Desde principios de agosto de 2017, la plaga no ha hecho sino aumentar en la isla de Madagascar. Aunque la enfermedad es endémica en el país, se registraron 849 casos en dos meses y medio, el doble del número anual habitual. Aún más preocupante es que el tipo de peste predominantemente detectado lo es en su forma pulmonar, que sin el tratamiento adecuado resulta fatal.

“La peste es endémica de Madagascar, que resurge cada año. Generalmente se trata de la peste bubónica, que se desarrolla en zonas rurales y no se puede transmitir de una persona a otra. La singularidad de esta epidemia a la que nos enfrentamos hoy  es que se trata de una plaga pulmonar altamente transmisible, presente en áreas urbanas donde se cumplen todas las condiciones para su propagación”, explica Olivier Le Guillou, director de acción de Acción contra el Hambre en Madagascar.

Desde 2011, nuestros equipos han estado luchando contra la desnutrición en los suburbios de Antananarivo y el sur del país. Aprovechando nuestro fuerte reconocimiento en estas zonas, estamos poniendo en marcha un enfoque basado en la comunidad para reforzar el conocimiento y la capacidad de reacción de las poblaciones para protegerse o hacerse cargo. Nuestros equipos han sido movilizados a dos hospitales de la capital para ayudar a los equipos médicos a lidiar con esta emergencia sanitaria.

 

Previene la propagación de la epidemia.
Transmisible de un individuo a otro por la simple inhalación de aire, la peste neumónica tiene un alto potencial de contagio, en particular en las zonas urbanas con menos recursos de Antananarivo y Toamasina, debido a la alta densidad de población.

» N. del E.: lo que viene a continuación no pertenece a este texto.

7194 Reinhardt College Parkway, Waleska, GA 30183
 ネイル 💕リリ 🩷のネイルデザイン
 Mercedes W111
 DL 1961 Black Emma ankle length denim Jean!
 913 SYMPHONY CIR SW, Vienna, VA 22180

Para prevenir la propagación de la enfermedad, deben ponerse en marcha cuanto antes las medidas preventivas. El gobierno malgache ya ha prohibido las reuniones públicas, y los trabajadores de la salud, que están más expuestos a la contaminación, reciben tratamiento médico preventivo.

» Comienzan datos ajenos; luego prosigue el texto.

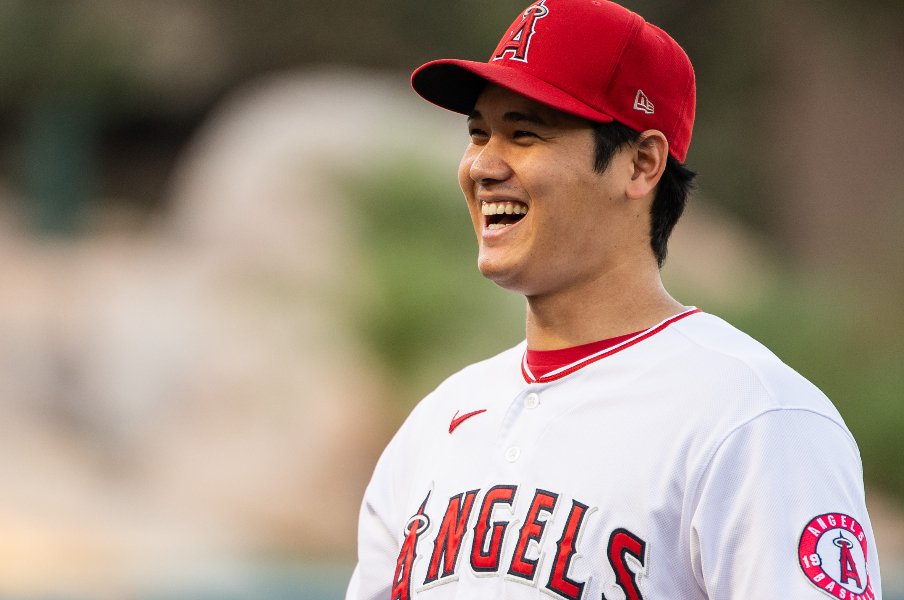 大谷翔平の歴史的mvpで現地アメリカも熱狂 Tv局は まるでビデオゲーム エンゼルスタジアムに掲げられた文字は 最新レポ Mlb Number Web ナンバー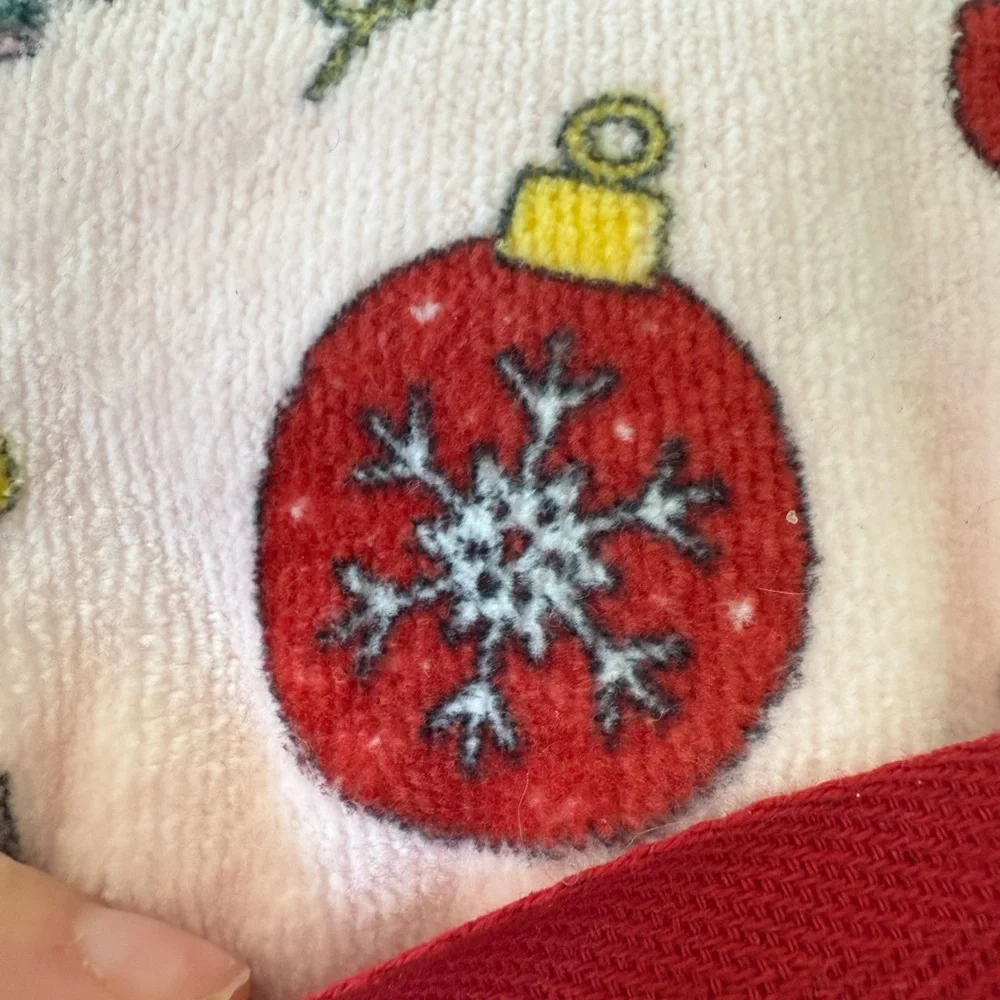 ENVOGUE Holiday / Christmas Set of Two Cotton Hand Towels - Festive Pink and Red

“Los síntomas de la peste pulmonar son muy parecidos a los de una afección parecida a la gripe. El período de incubación dura de uno a tres días. Las personas experimentan fiebre alta, dolor de cabeza, debilidad generalizada y dolor en el pecho que progresa a una neumonía severa. En 48 horas, sin un tratamiento adecuado, el resultado es mortal”, explica Caroline Antoine, experta en salud de Acción contra el Hambre.

La identificación de personas infectadas es uno de los principales desafíos para controlar la epidemia. Es esencial poder rastrear los caminos y las reuniones de los pacientes para comenzar un tratamiento antibiótico de las personas que han estado en contacto, con el fin de reducir la transmisión.
Nuestros equipos trabajan con las autoridades sanitarias y los actores internacionales para establecer protocolos para la protección y el control de la infección, especialmente en las instalaciones de salud. La capacitación del personal de salud, la instalación de estaciones de lavado de manos, la desinfección de locales, la gestión de residuos contaminados y aguas residuales, son medidas para reducir los riesgos y brindar apoyo a los centros de salud.

Sensibilización y movilización para evitar un empeoramiento de la situación.
“La epidemia está ante nosotros”, señala Olivier Le Guillou. “Aún no hemos llegado a su pico. Su propagación ha sido tan sorprendente que la toma de conciencia lleva tiempo. Aún es necesario mejorar algunas medidas preventivas. Desde el pasado fin de semana, hemos empezado a ver a los conductores de ambulancias con máscaras protectoras, que no veíamos la semana pasada.”

Más allá de la atención médica, el desafío para el futuro está en movilizar a las comunidades para luchar contra la propagación de la epidemia, así como proporcionar apoyo psicológico a las personas infectadas y su entorno.

“Tras experiencias como el brote de ébola en África Occidental o los brotes de cólera en muchos de los países donde trabajamos, apoyamos a las familias. Enfrentarse a una epidemia a menudo provoca fuertes reacciones emocionales y desestabiliza las relaciones sociales y familiares. Son respuestas normales a una situación inusual que toman la forma de estrés, miedo, ira, y el estigma asociado a la epidemia”, añade Olivier Le Guillou.